**About this exercise**
With the pictures left out, copy the listing below exactly.

**The data**

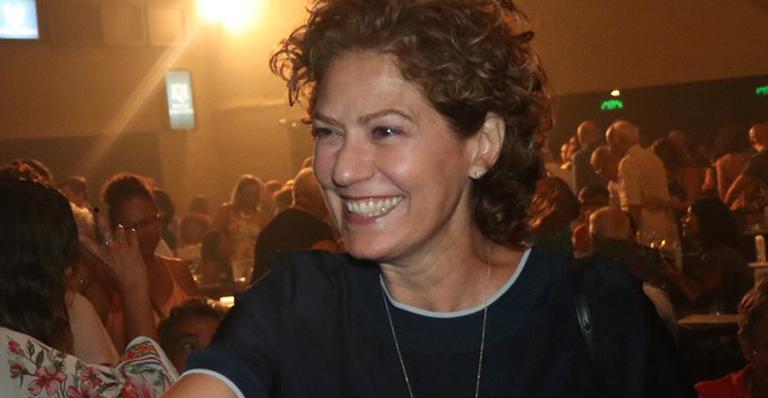 Patricia Pillar faz rara aparição com o namorado em show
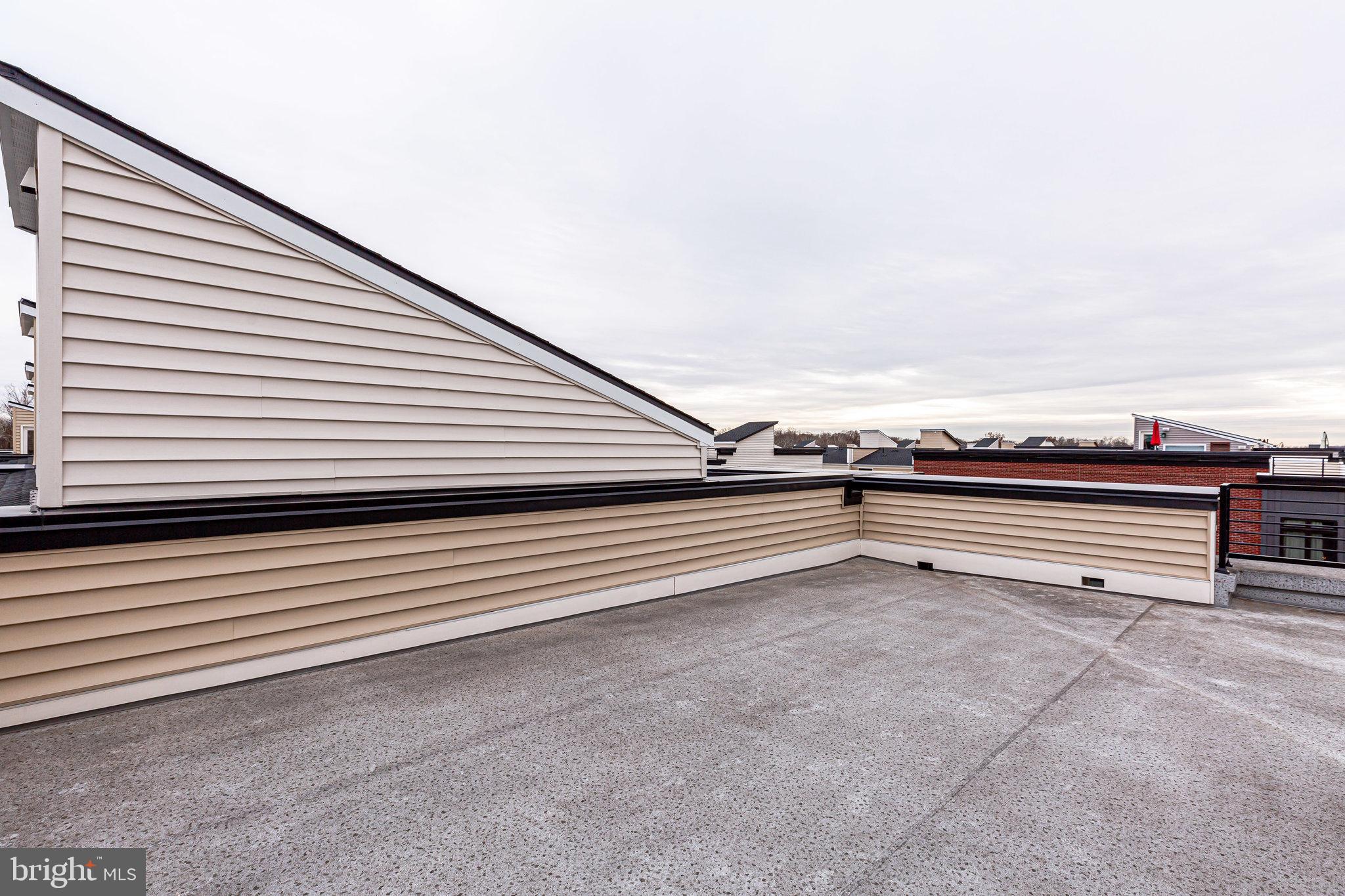 LOUDOUN VALLEY CARLISLE - Residential Lease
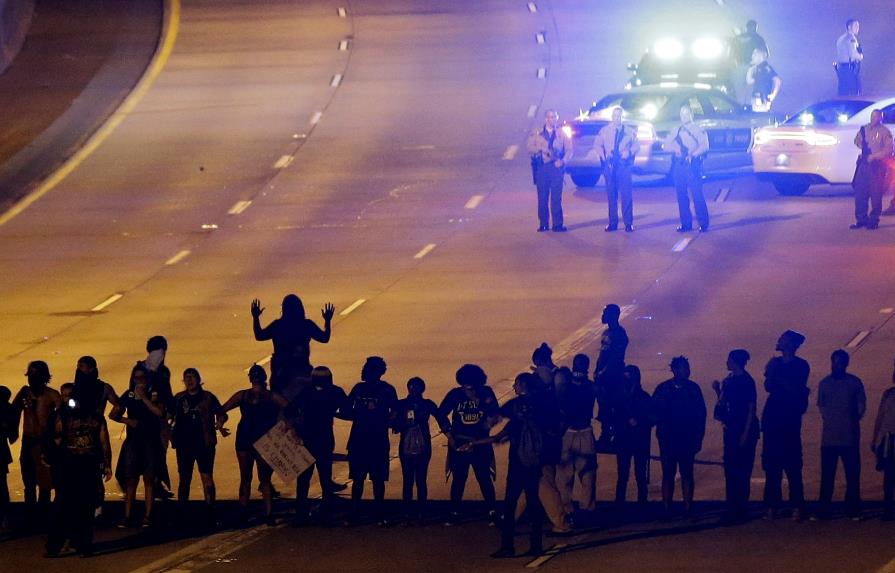 Por cuarta noche realizan protestas por incidente en Charlotte 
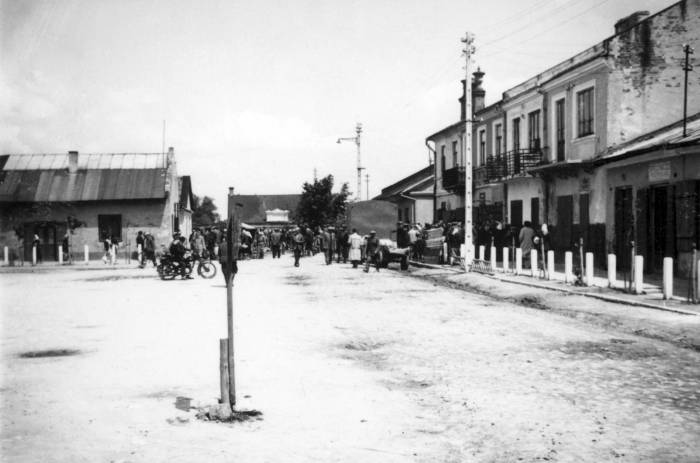 Rynek II sprzed roku 1959, kiedy rozpoczęła się jego przebudowa. Po prawej pierzeja wschodnia, po lewej klitki, w głębi mała synagoga, dziś biblioteka, której widoku nie zasłania - niewybudowana jeszcze - przychodnia zdrowia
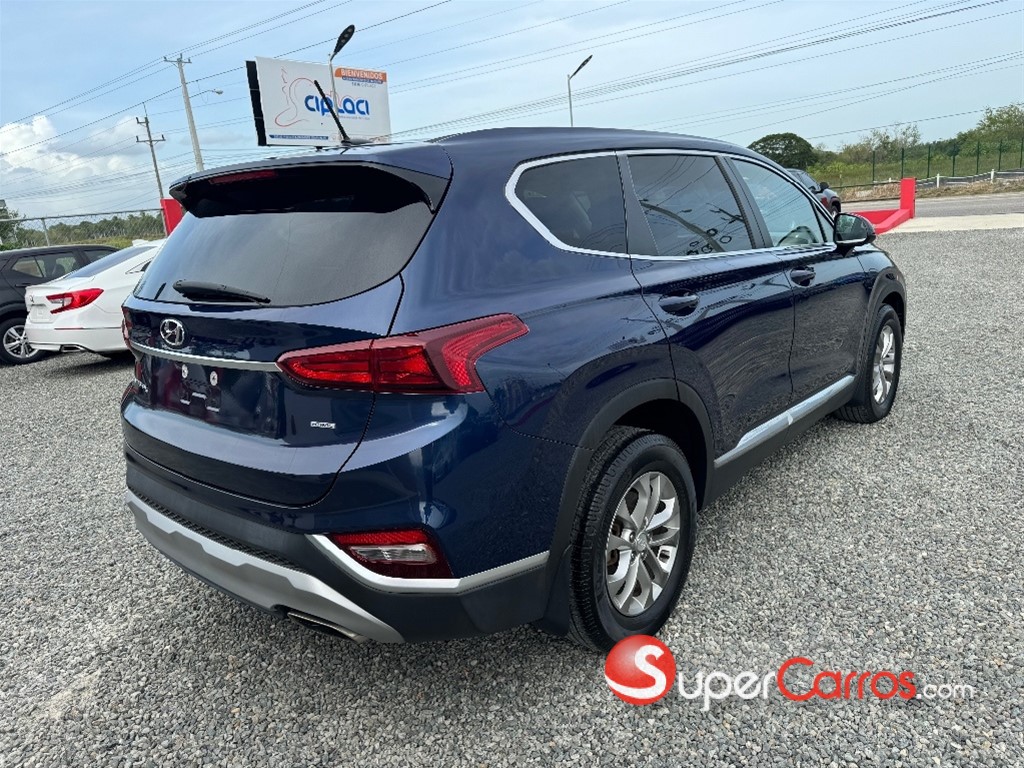 2020 Hyundai Santa Fe SE — foto 4 / 10
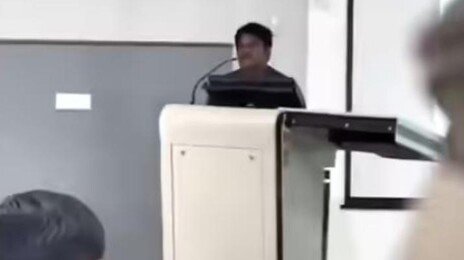 강의중 19세 여학생에 공개 청혼한 50대 교수…성난 학생들에 ‘몰매’
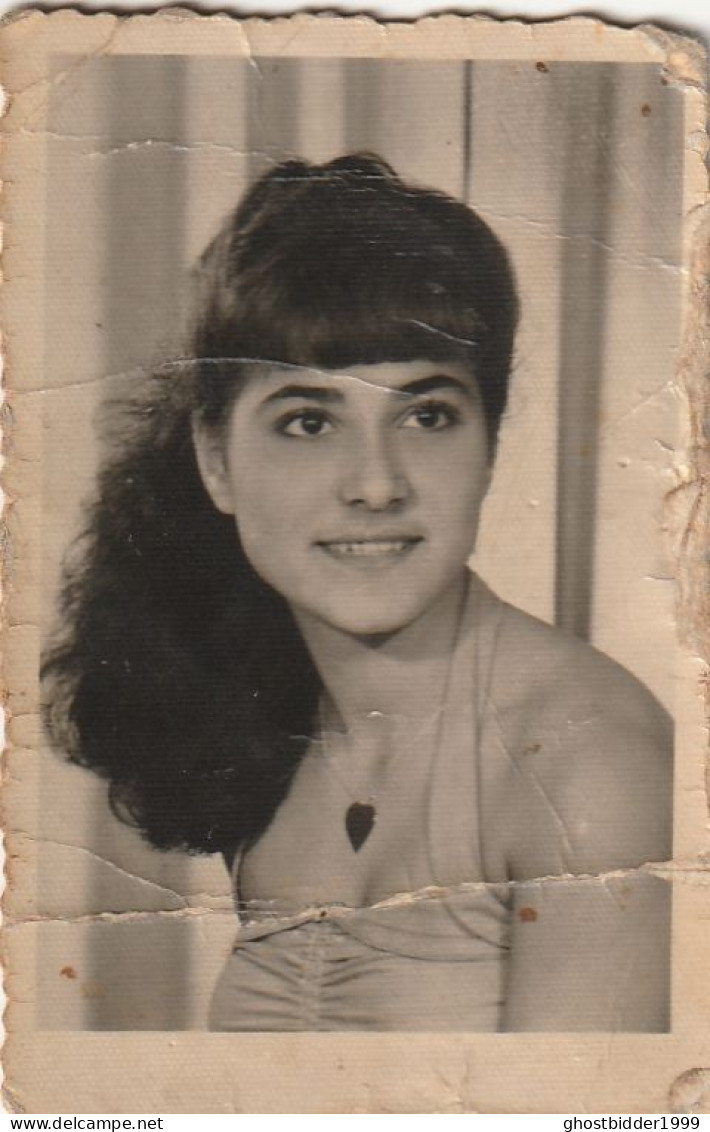 JEWISH JUDAICA TURQUIE ISRAEL ? FAMILY ARCHIVE SNAPSHOT MINI PHOTO GIRL  4X6.1 Cm. RARE CACHET - Anonymous Persons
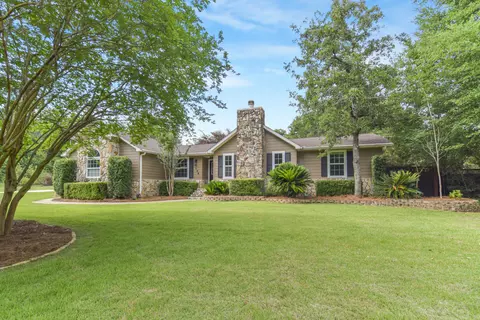 106 Eagle Ct, Crestview, FL 32539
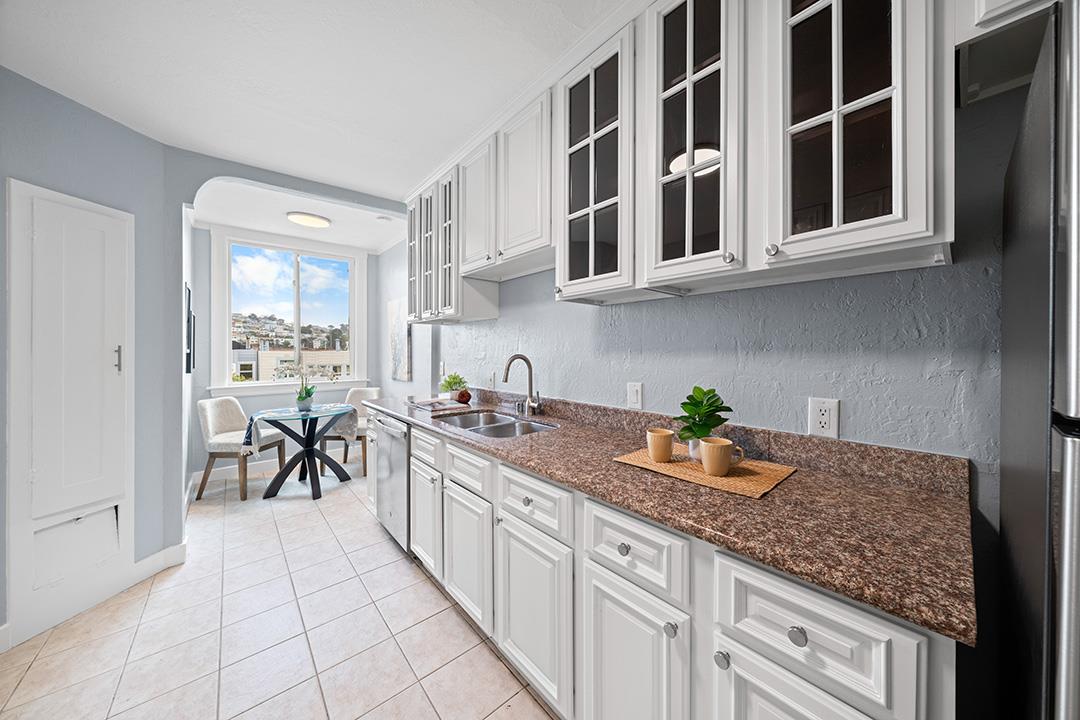 Detail Gallery Image 13 of 36 For 454 Ellington Ave, San Francisco,  CA 94112 - 2 Beds | 1/2 Baths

**Answer**
 Patricia Pillar faz rara aparição com o namorado em show
 LOUDOUN VALLEY CARLISLE - Residential Lease
 Por cuarta noche realizan protestas por incidente en Charlotte 
 Rynek II sprzed roku 1959, kiedy rozpoczęła się jego przebudowa. Po prawej pierzeja wschodnia, po lewej klitki, w głębi mała synagoga, dziś biblioteka, której widoku nie zasłania - niewybudowana jeszcze - przychodnia zdrowia
 2020 Hyundai Santa Fe SE — foto 4 / 10
 강의중 19세 여학생에 공개 청혼한 50대 교수…성난 학생들에 ‘몰매’
 JEWISH JUDAICA TURQUIE ISRAEL ? FAMILY ARCHIVE SNAPSHOT MINI PHOTO GIRL  4X6.1 Cm. RARE CACHET - Anonymous Persons
 106 Eagle Ct, Crestview, FL 32539
 Detail Gallery Image 13 of 36 For 454 Ellington Ave, San Francisco,  CA 94112 - 2 Beds | 1/2 Baths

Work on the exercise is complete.